Dans plusieurs articles ultérieurs, nous proposerons l'examen d'emprunts faits par le français à des langues étrangères, notamment à l'anglais. Mais avant cela, il convient de présenter tout d'abord les différents aspects que ce phénomène de l'emprunt lexical revêt :

 

– les emprunts sémantiques : un mot français se voit attribuer le sens d'un mot étranger qui offre avec lui une ressemblance formelle, comme  l'adverbe français définitivement et son homologue anglais definitely.
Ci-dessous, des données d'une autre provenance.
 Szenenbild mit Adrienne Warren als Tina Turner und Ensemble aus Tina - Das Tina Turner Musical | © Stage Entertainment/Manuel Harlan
C'est ainsi que l'adverbe français est aujourd'hui utilisé avec le sens anglais de "tout à fait, assurément", ce qui est abusif et faux ;

 

les calques : ce sont des traductions terme à terme, comme les mots et expressions suivants :

 

   honeymoon > lune de miel

   cold war > guerre froide

   this is not my cup of tea > ce n'est pas ma tasse de thé

 

   Parfois, la traduction peut être si mauvaise qu'elle aboutit à une hérésie, ce qui est le cas du fautif droits humains, à l'imitation de l'anglais human rights, alors que la forme correcte est bien entendu droits de l'homme ;

 

– les xénismes : il s'agit de l'emprunt concomitant d'un nom et de l'objet ou du concept qu'il nomme, objet ou concept jusqu'alors inconnus en France et en français :

 

   toundra, samovar, favella, etc.

 

– les emprunts abusifs : la chose ou le concept nommés par la langue étrangère possèdent déjà un mot français, mais c'est le mot étranger qui tend à supplanter le mot français :

 

    management "gestion"

    coach "entraîneur"

    dance floor "piste de danse", etc.

 

Est-il besoin de préciser que ces emprunts abusifs sont très majoritairement, sinon exclusivement, des emprunts à l'anglais ? Et c'est cette dernière catégorie qui fait polémique, car rien ne légitime l'utilisation d'un mot anglais lorsqu'un mot français lui est préexistant. Phénomène de mode, snobisme, volonté de se démarquer de la majorité parlante … Tout cela sera examiné dans les articles à venir.